Both of those services were fundamentally flawed. The thing is, email encryption only really works if you hold and manage your encryption keys and certificates yourself – and that’s where the hassle comes in. Lavabit was hosted services that tried to make things simpler by managing such things on the user’s behalf, and they essentially shut up shop because they realized the feds could force them to betray their users’ trust and give up the keys.
Also, as cryptographer Moxie Marlinspike has pointed out, elements of Lavabit’s underlying security mechanism kind of sucked: transmitting passwords in plaintext is not a great idea. The Dark Mail Alliance‘s Kickstarter cash ($212,513 in the end) will fund the cleaning-up and free release of the source code for Lavabit, mostly by paying for talented programmers to join the team.
Crucially, the open-source project will support Dark Mail, a new kind of email protocol. The way the Alliance sees it, standard email is Email 1.0 and encrypted-but-hard-to-use email is Email 2.0 — that includes email using Pretty Good Privacy (PGP) technology, the work of Dark Mail Alliance co-founder Phil Zimmermann. Encrypted-and-easy-to-use Dark Mail is Email 3.0.
The plan is this: the Dark Mail protocol will have encryption baked right in, so the user won’t have to handle any keys, and the message will still be encrypted end-to-end, including while in transit (sorry, fiber-tappers).

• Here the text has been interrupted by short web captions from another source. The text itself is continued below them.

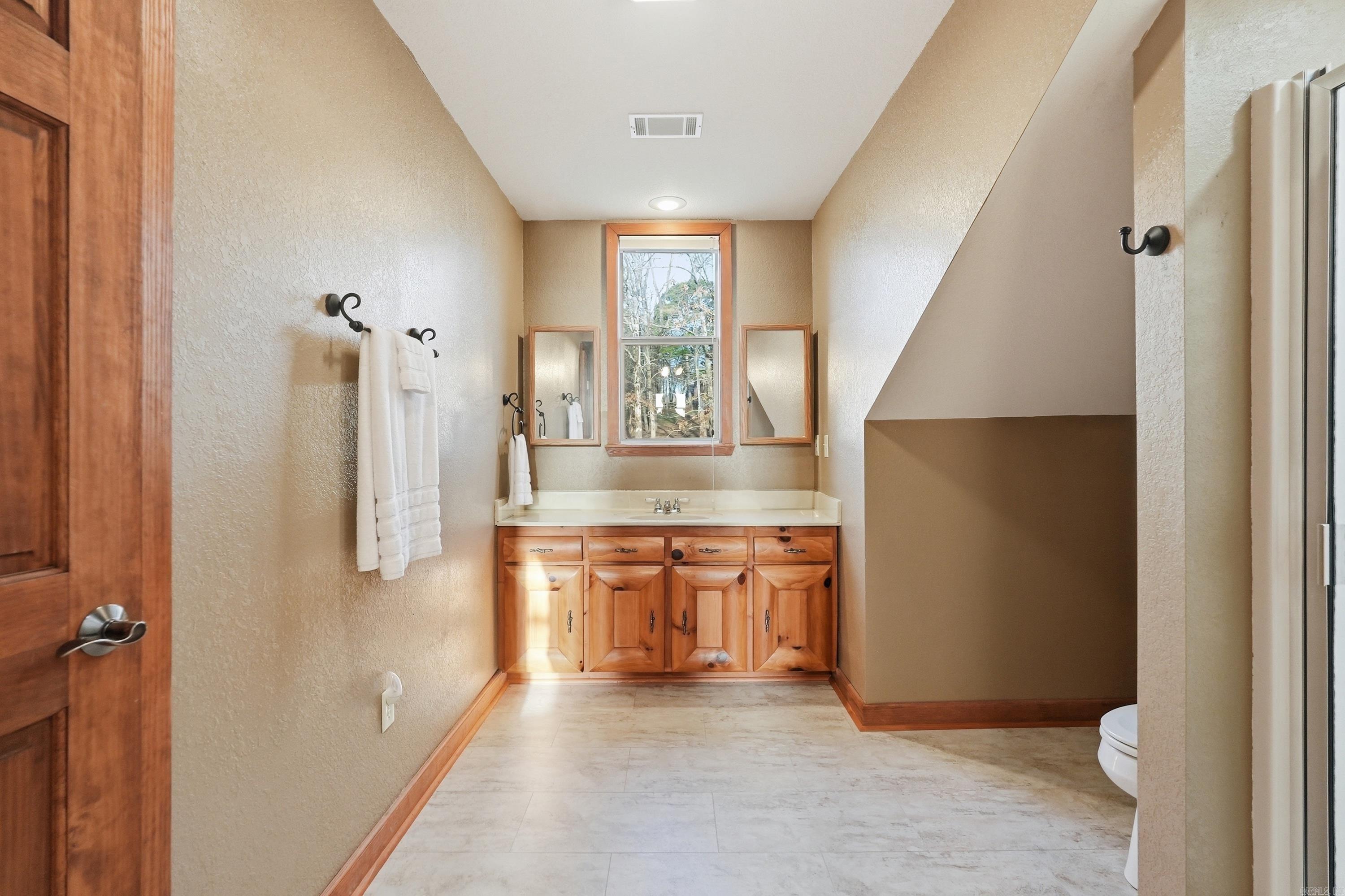 Watersedge Estates - Residential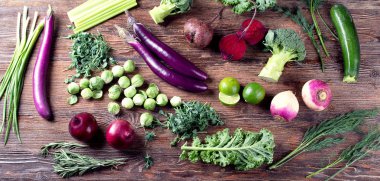 Mor ve yeşil taze sebze. Vejetaryen yiyecekler kavramı. Sağlıklı beslenme. 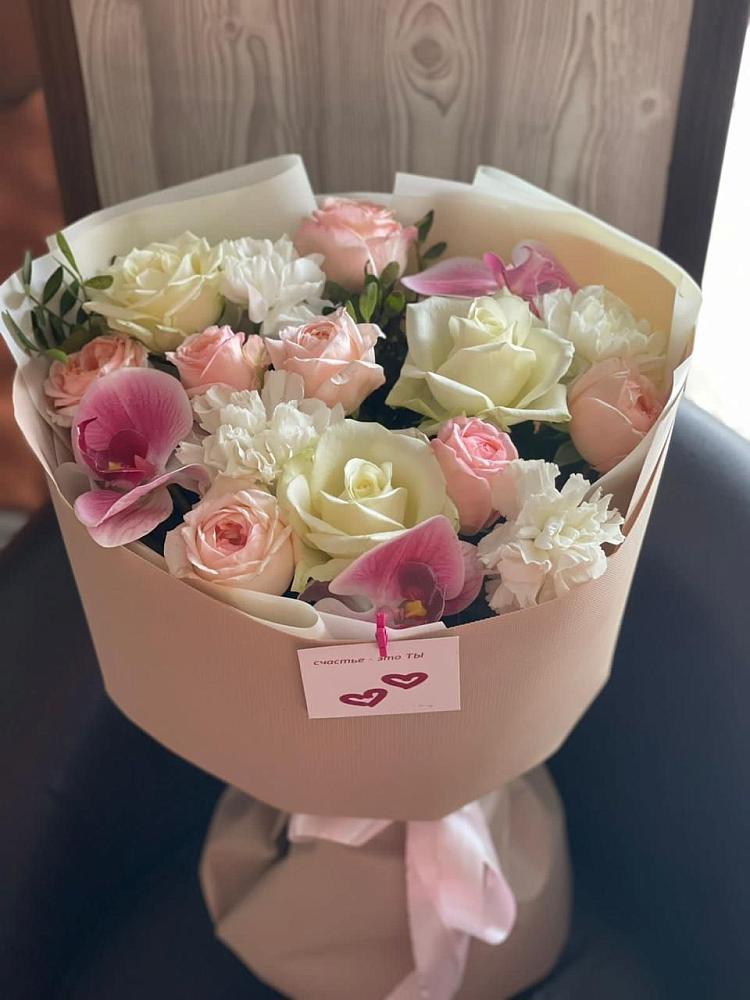 Букет цветов из: Орхидеи, Розы и Гвоздики в Зязикове-Юрте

The promise is a lofty one:
“Dark Mail users will get the security of PGP without the cognitive burden; if someone can use email today they will be able to use Dark Mail tomorrow.” There will be clients for all desktop platforms and iOS and Android mobile devices and, because it’s an open-source project, others will be able to build on top of the underlying technology as well. The project’s open nature also means experts can poke around the code to check it’s as secure as the Dark Mail Alliance says it is.
The code should be released to the public in April 2014. This isn’t the only intriguing secure mail project out there — Mailpile springs to mind – but those behind it know what they’re doing and it certainly has as good a shot as any rival. Frankly, if someone can deliver a version of email that’s totally secure and as easy-to-use as today’s webmail, I don’t care where it comes from.